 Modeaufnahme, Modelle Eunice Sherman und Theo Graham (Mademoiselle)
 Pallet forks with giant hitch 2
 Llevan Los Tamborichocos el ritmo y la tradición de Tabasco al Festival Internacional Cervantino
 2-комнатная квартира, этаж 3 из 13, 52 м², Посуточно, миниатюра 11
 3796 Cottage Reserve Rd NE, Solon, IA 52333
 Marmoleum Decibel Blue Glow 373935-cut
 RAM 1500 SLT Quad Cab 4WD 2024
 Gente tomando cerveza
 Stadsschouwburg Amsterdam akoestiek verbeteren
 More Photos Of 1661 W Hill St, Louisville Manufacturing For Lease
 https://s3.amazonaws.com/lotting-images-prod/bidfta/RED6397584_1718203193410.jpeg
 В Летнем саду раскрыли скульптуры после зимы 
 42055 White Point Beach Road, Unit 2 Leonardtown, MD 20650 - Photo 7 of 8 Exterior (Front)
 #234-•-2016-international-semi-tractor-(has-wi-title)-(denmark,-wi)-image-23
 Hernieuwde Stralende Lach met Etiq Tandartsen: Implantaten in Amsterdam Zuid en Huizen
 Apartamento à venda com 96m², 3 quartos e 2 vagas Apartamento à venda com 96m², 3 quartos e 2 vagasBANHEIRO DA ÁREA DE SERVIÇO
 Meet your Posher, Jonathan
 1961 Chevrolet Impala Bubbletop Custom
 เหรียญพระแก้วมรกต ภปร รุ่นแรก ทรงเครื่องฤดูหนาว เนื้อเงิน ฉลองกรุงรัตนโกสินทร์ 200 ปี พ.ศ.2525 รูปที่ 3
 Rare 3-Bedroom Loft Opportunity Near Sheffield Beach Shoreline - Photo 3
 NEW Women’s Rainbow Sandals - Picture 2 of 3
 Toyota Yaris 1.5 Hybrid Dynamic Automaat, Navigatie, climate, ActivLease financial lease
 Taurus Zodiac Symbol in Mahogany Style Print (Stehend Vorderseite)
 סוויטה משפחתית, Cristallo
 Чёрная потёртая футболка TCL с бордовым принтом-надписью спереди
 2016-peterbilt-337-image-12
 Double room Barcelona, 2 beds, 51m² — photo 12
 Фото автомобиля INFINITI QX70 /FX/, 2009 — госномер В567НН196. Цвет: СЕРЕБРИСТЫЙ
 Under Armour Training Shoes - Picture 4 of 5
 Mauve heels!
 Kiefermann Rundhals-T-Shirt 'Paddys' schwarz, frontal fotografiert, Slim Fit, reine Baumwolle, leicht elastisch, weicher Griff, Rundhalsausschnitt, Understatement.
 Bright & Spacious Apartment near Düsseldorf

————

EXERCISE DETAILS: Please write out, exactly as they appear above, only the lines in the stretch from the line with "Hernieuwde Stralende Lach" through the line with "Mauve heels!".

OUTPUT:
 Hernieuwde Stralende Lach met Etiq Tandartsen: Implantaten in Amsterdam Zuid en Huizen
 Apartamento à venda com 96m², 3 quartos e 2 vagas Apartamento à venda com 96m², 3 quartos e 2 vagasBANHEIRO DA ÁREA DE SERVIÇO
 Meet your Posher, Jonathan
 1961 Chevrolet Impala Bubbletop Custom
 เหรียญพระแก้วมรกต ภปร รุ่นแรก ทรงเครื่องฤดูหนาว เนื้อเงิน ฉลองกรุงรัตนโกสินทร์ 200 ปี พ.ศ.2525 รูปที่ 3
 Rare 3-Bedroom Loft Opportunity Near Sheffield Beach Shoreline - Photo 3
 NEW Women’s Rainbow Sandals - Picture 2 of 3
 Toyota Yaris 1.5 Hybrid Dynamic Automaat, Navigatie, climate, ActivLease financial lease
 Taurus Zodiac Symbol in Mahogany Style Print (Stehend Vorderseite)
 סוויטה משפחתית, Cristallo
 Чёрная потёртая футболка TCL с бордовым принтом-надписью спереди
 2016-peterbilt-337-image-12
 Double room Barcelona, 2 beds, 51m² — photo 12
 Фото автомобиля INFINITI QX70 /FX/, 2009 — госномер В567НН196. Цвет: СЕРЕБРИСТЫЙ
 Under Armour Training Shoes - Picture 4 of 5
 Mauve heels!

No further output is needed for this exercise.